IMHO: I’ll wait till the facts come out before weighing in on the objective merits (or lack thereof) of the raid for now but I wish, as a society, we could agree to retire the misogynistic term “Karen.” Trevor goes there @ 8:13 when he labels Fox News host Laura Ingraham a “Super Karen” for having the audacity to challenge the Democratic Party/corporate media narrative. He has every right to challenge and mock her opinion. No problem there. He even has the right to use a sexist epithet to do so – but, truthfully, it doesn’t raise my opinion of him or his position.

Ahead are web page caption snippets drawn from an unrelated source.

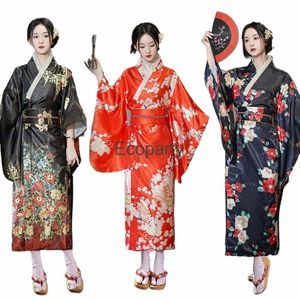 Nowe kobiety Japońskie Tradycyjne Yukata Kimo z Obi Vintage Evening Dr Gejsha Kimo Stage Show Cosplay Costplay O48F#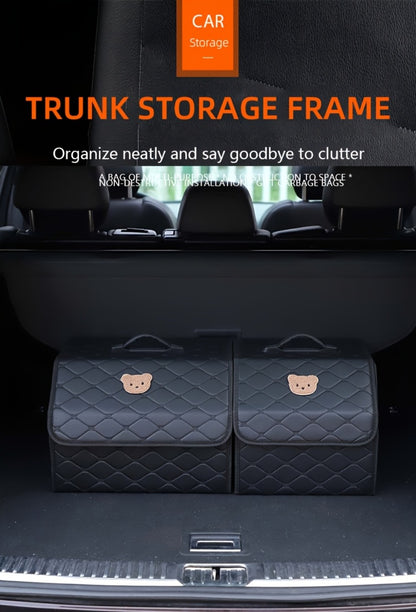 Car Trunk Storage Box Foldable Faux Leather Organizer – High-Capacity 30L/35L Vehicle Cargo Box, Multi-Pocket Space-Saving Trunk Organizer for Women, Daily Use & Road Trips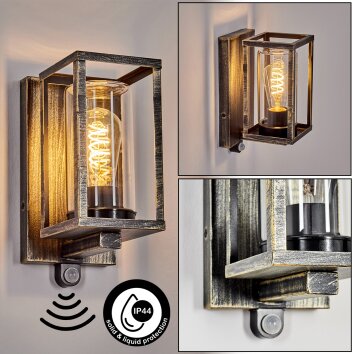 Portalis Zewnętrzny kinkiet, Lampa ścienna Złoty, Czarny, 1-punktowy, Czujnik ruchu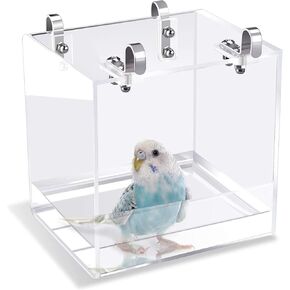 Bird Bathtub for Birdcage No Water Leakage Upgraded Acrylic Transparent Bird Bathtub with 4 Hooks Birdcage Accessories for Small Birds Parrots Lovebirds Canaries (5.1x5.1x4.3inch) in Saudi Arabia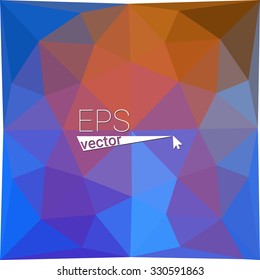 multicolor blue red orange geometric rumpled triangular low poly style gradient illustration graphic background. Vector polygonal design for your business.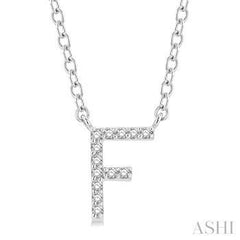 10K 0.05Ct Diamond Initial-F Necklace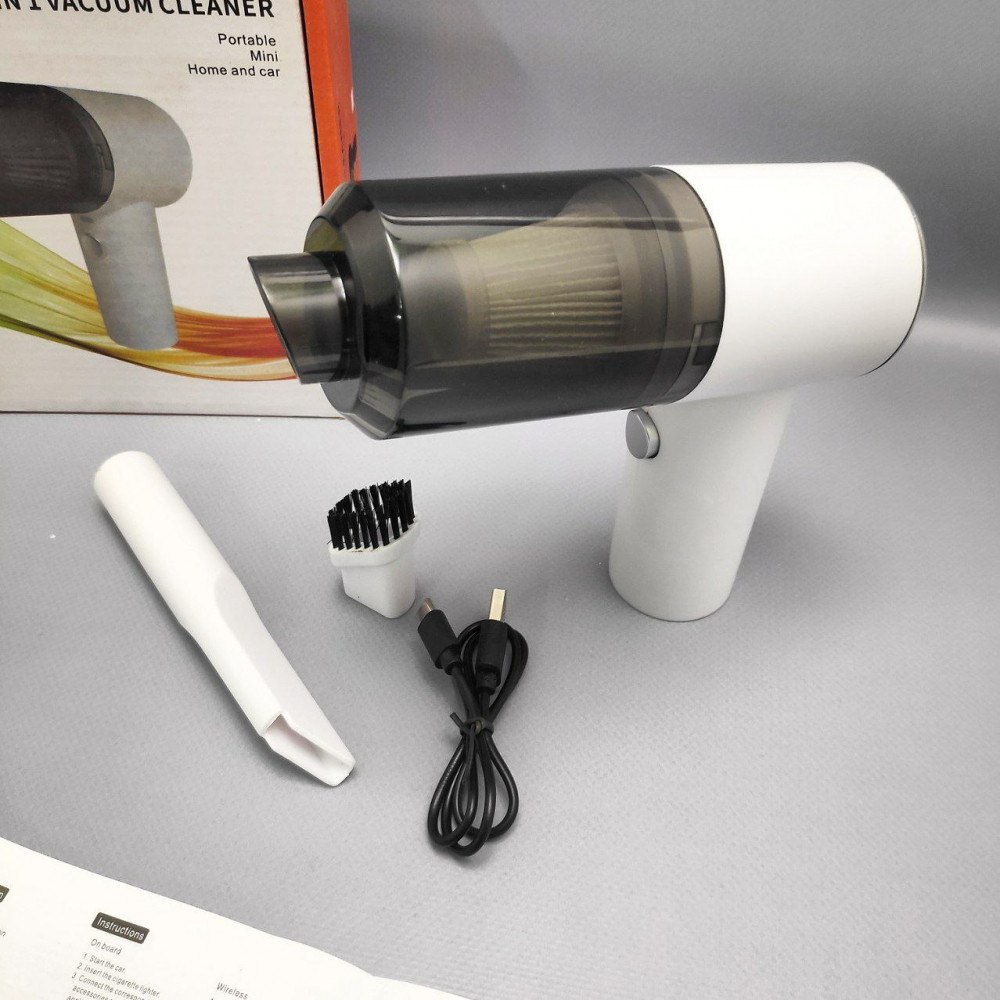 Портативный вакуумный мини пылесос для авто и дома 2 in 1 Vacuum Cleaner (2 насадки) Белый - фото 6 - id-p201781363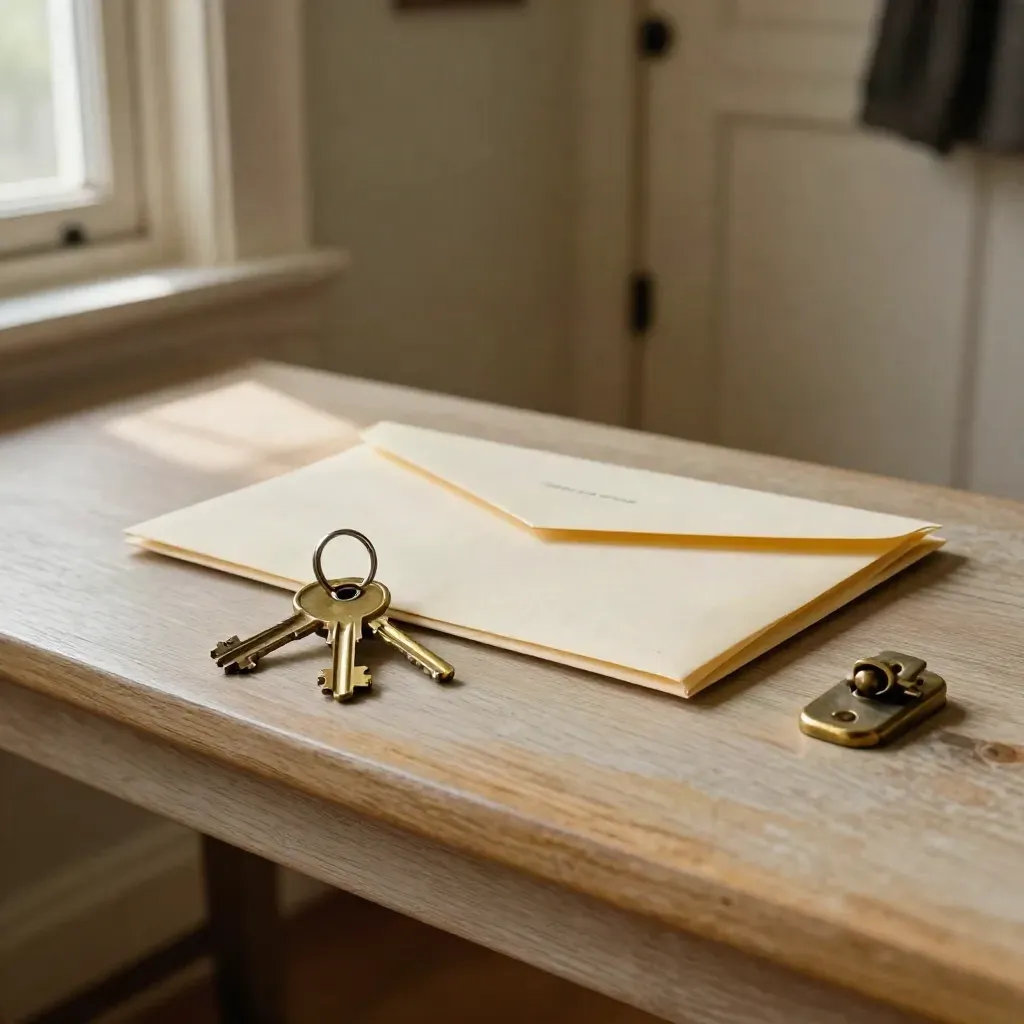 Brass keys, lease folder and notice envelope on a hallway bench in soft window light.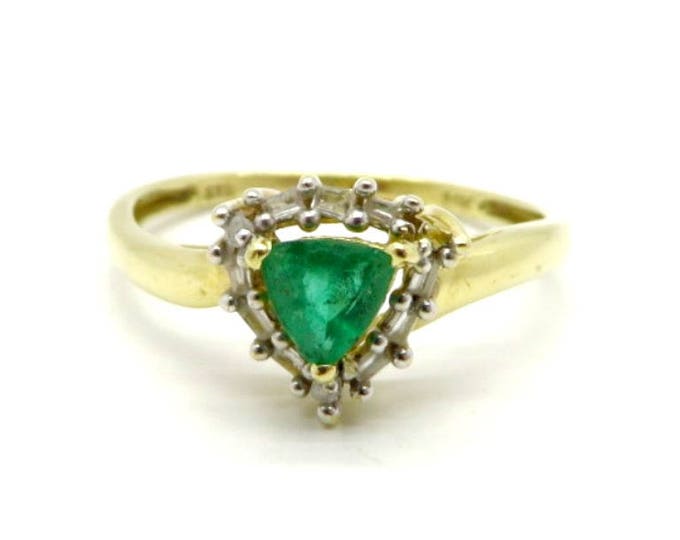 Emerald & Diamond Ring, 14K Gold Colombian Emerald, Trillion Cut, 0.50 Carat, Vintage Jewellery, Gift for Her, Size 7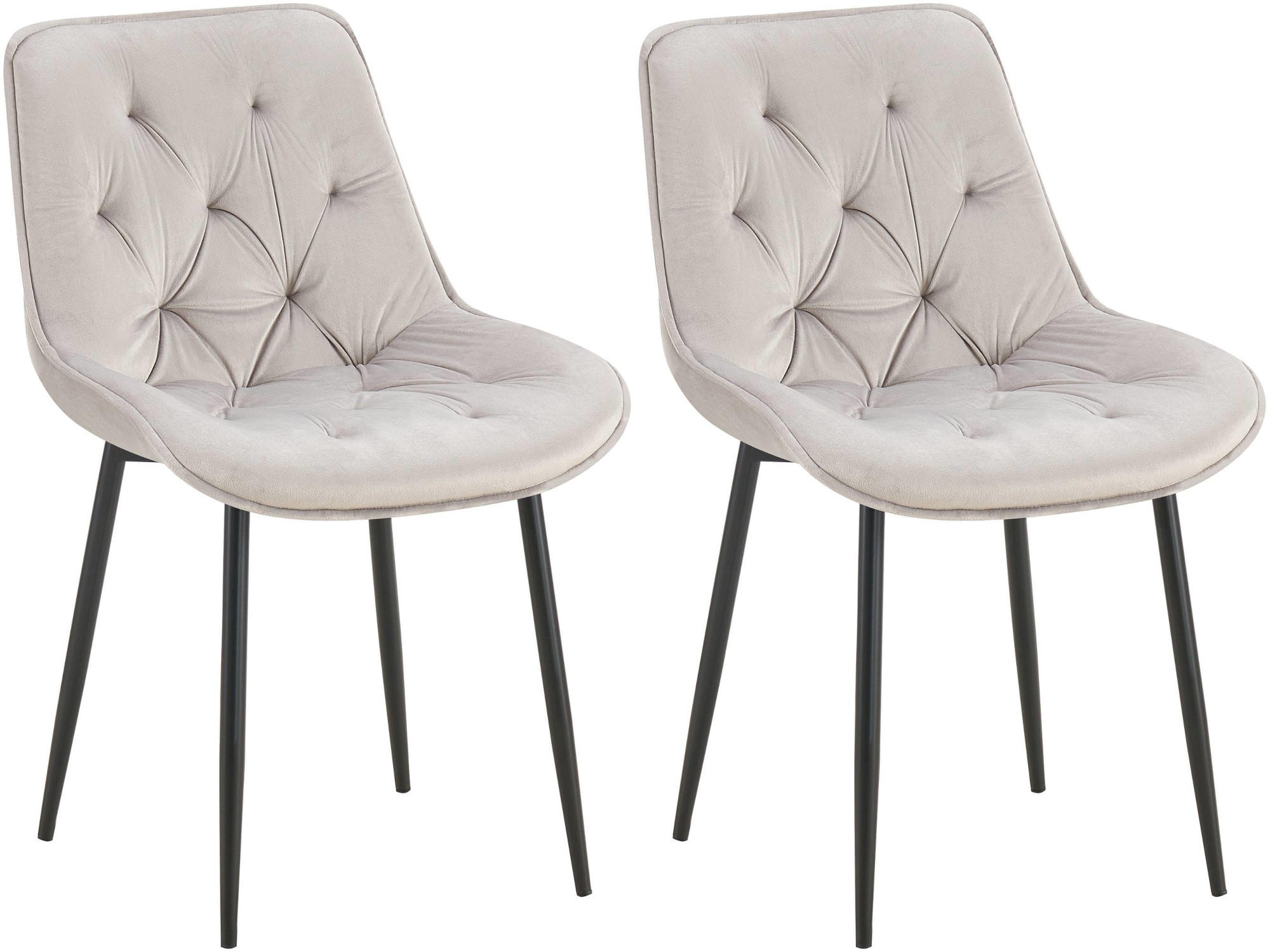 STUHL 2er Set Samt grau - Schwarz/Grau, Textil/Metall (52/84/59cm) - CLP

The whole “Karen” as an insult thing was specifically designed to discourage women, specifically white women of a certain age (though no doubt an African American woman who got out of line could dismissively be termed a “black Karen”), from expressing opinions that cut against the grain. How did a common name (shared by women of all opinions) become a cultural pejorative? The phenomenon is explained in this article from TheConversation.com. Here’s a pertinent excerpt:

The first name Karen peaked in popularity in 1965, which means that in 2020, most people named Karen are middle aged. Because roughly 80% of the U.S. population was white in the 1960s, it’s safe to assume that the proportion of people named Karen in 2020 is predominantly white.

So that’s kind of a rough foundation for what the first name Karen might signal to people. But what about the way it evolved to mean much more than simply a first name relatively common among middle-aged white women?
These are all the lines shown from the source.